The design was controversial, though lauded by notable architecture critics at its opening. The building defined the Whitney Museum's image for nearly 50 years, influencing subsequent projects such as the Cleveland Museum of Art's north wing and Atlanta's Central Library. Breuer's design also influenced the new Whitney Museum building in Lower Manhattan by Renzo Piano, with both buildings featuring cantilevering floor plates and oversized elevators. The structure and surrounding buildings contribute to the Upper East Side Historic District, a New York City and national historic district, and the exterior and parts of the interior are New York City designated landmarks.

The museum building occupies the southeast corner of the intersection of Madison Avenue and 75th Street. The property is considered to be within the Lenox Hill neighborhood within the Upper East Side, one block east of Central Park, in Manhattan, New York City. The original building's site measures around 104 by 125 feet (32 by 38 m), occupying almost 13,000 square feet (1,200 m2).

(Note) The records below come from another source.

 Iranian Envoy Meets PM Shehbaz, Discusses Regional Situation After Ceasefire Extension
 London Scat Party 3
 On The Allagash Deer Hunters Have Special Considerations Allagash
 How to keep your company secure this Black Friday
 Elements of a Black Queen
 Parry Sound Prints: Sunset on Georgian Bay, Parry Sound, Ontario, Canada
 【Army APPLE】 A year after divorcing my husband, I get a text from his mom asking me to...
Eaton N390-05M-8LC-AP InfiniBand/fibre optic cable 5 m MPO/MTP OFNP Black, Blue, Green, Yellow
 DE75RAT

The site was formerly occupied by six 1880s rowhouses like those that surround it; they had been demolished before the museum purchased the property. The site was an elegant residential area before World War II; after the war, the area took on new luxury apartments and art dealers, becoming the "gallery center of New York". It became an upscale commercial area by the mid-2010s, surrounded by retail shops for global fashion brands, luxury condominiums, and a large Apple Store. The 21st century site changes are partially attributed to development spurred by the Met Breuer's opening in 2016.

945 Madison Avenue was designed for the Whitney Museum of American Art by Marcel Breuer & Associates – primarily Breuer himself and his partner Hamilton P. Smith. Michael H. Irving was the consulting architect, and Paul Weidlinger was the structural engineer. The work was the most significant in New York City for Breuer, and one of the most important of his career. It was his first museum commission, and his first and only remaining work in Manhattan. Breuer was originally a student of the Bauhaus architecture and design school, though he later became one of the leading figures in "New Brutalism" or Brutalism.

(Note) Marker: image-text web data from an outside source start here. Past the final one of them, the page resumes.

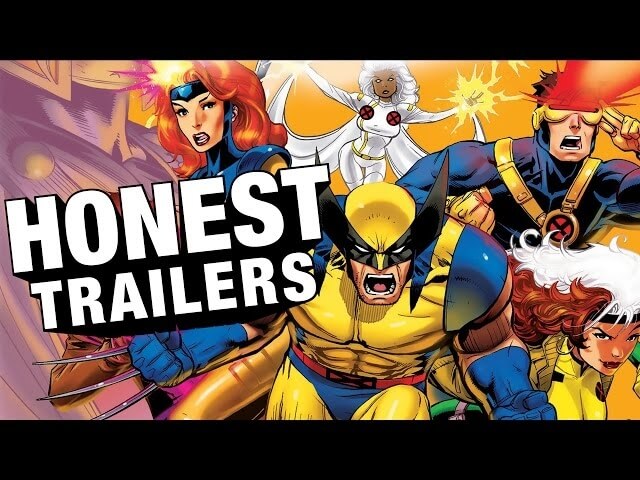 Honest Trailers remembers X-Men: The Animated Series in all its Clinton-era glory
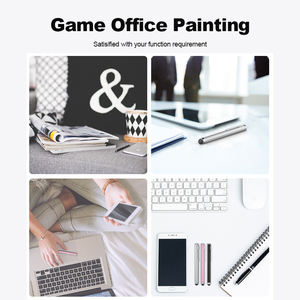 <span class=keywords><strong>ปากกา</strong></span>สไตลัสสัมผัสโลหะหลากสีความแม่นยำสูงสำหรับ Samsung Android iOS แท็บเล็ต<span class=keywords><strong>โทรศัพท์</strong></span>มือถือพร้อมคลิป - Product Image 6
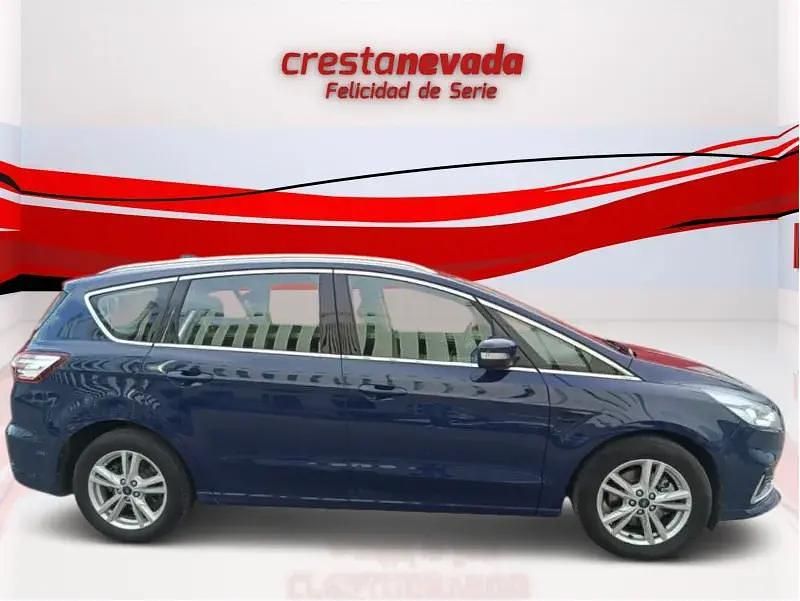 Usado Ford S-MAX Titanium 150 CV (110 kW) 2022 Azul Monovolumen
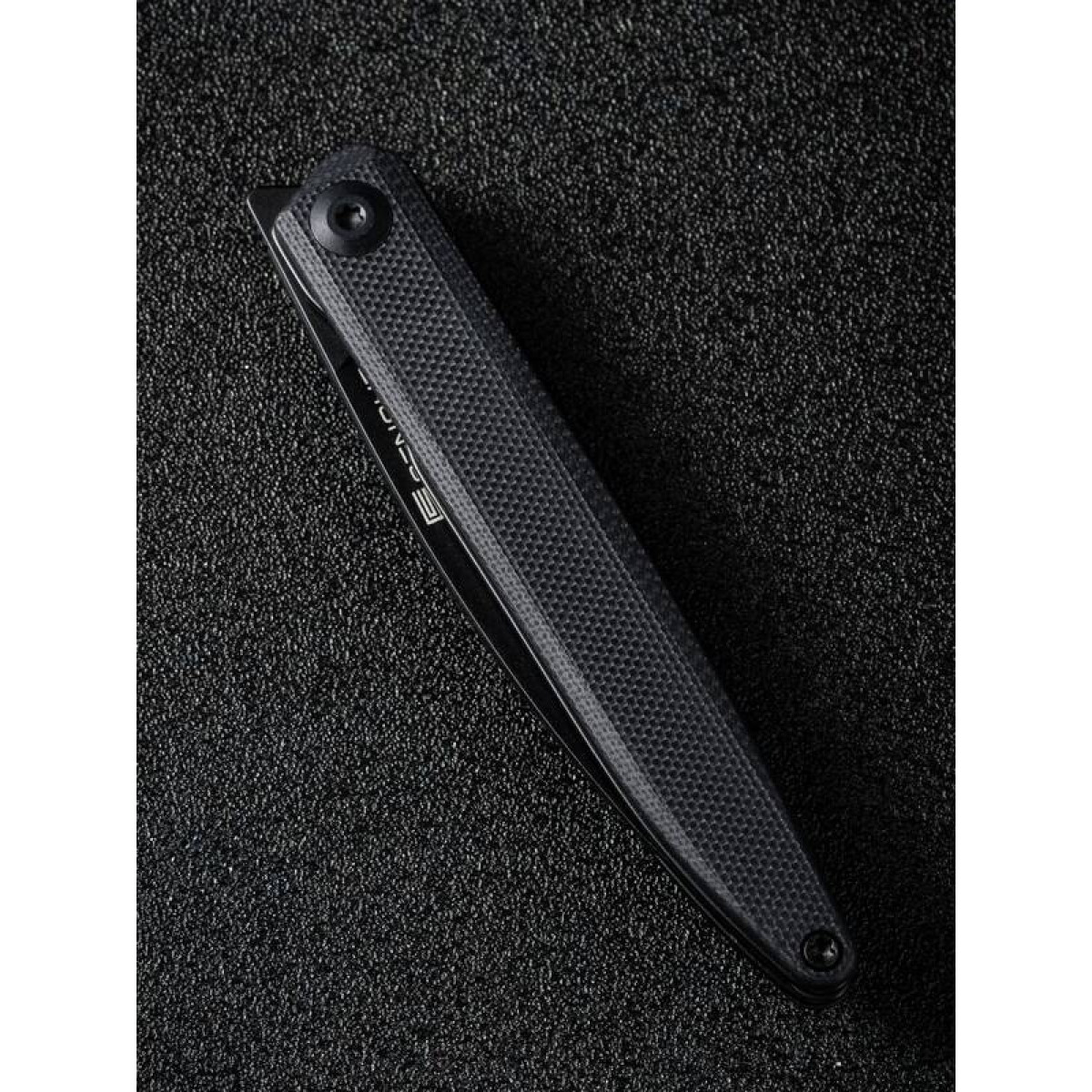 Складной нож SENCUT Jubil D2 S20029-2 Black Handle G10 Black 9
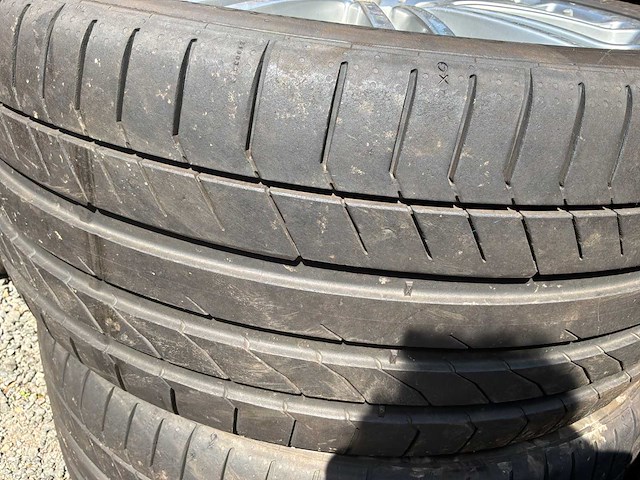 Mercedes 19 inch set van 4 banden voor mercedes originele + velgen met tweedimensionale sensoren - afbeelding 8 van  13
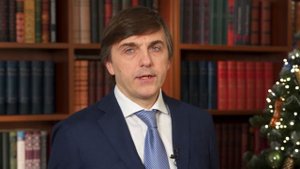 Сергей Кравцов Разговоры о важном Поздравление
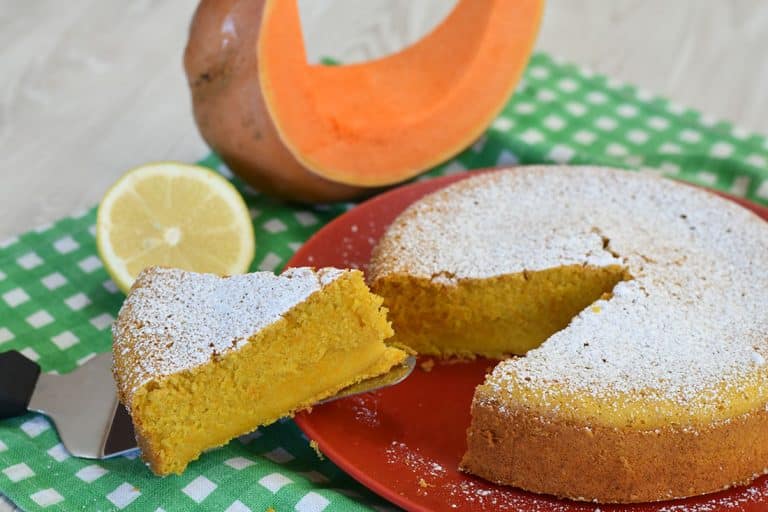 torta senza lievito alla zucca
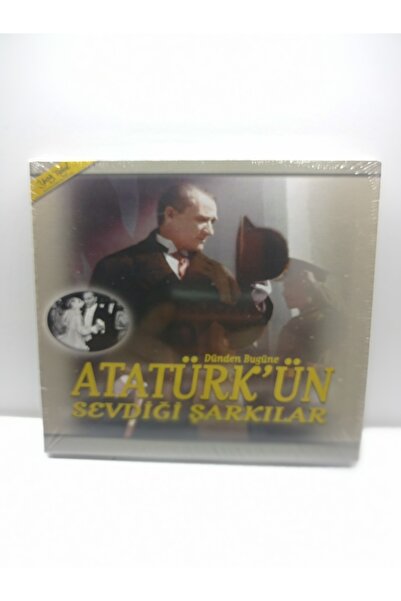 CD Atatürk'ün Sevdiği Şarkılar dünden bugüne albüm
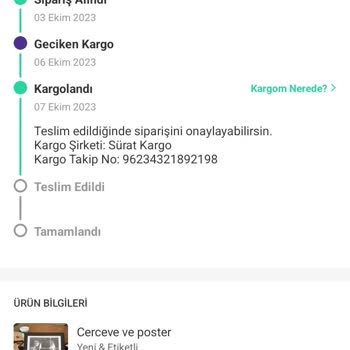 Sürat Kargo Sorumsuz Bir Firma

Sources variously describe the building's architectural style to be Brutalist or part of the larger Modernist movement. It has been associated with Brutalism due to its large top-heavy massing and its use of exposed raw concrete. The building's Brutalist features were noted by Ada Louise Huxtable in 1966 and Phaidon's Atlas of Brutalist Architecture, published in 2018. When the Metropolitan Museum of Art was a tenant of the building, the museum's curators discouraged the structure's association with Brutalism, saying that Breuer never associated himself with the style, and that contrary to the Brutalist aesthetic, 945 Madison had a colorful, yet subtle, spectrum of colors, and that it overall was supposed to engage visitors. The building's use of concrete was described by Sarah Williams Goldhagen as more of an ideological position than an aesthetic; Goldhagen stated that progressive architects at the time had to choose between using steel and glass or reinforced concrete, typically adhering to one design choice or the other. Steel and glass began to become associated with commercial buildings and mass production, while concrete gave the impression of monumentality, authenticity, and age.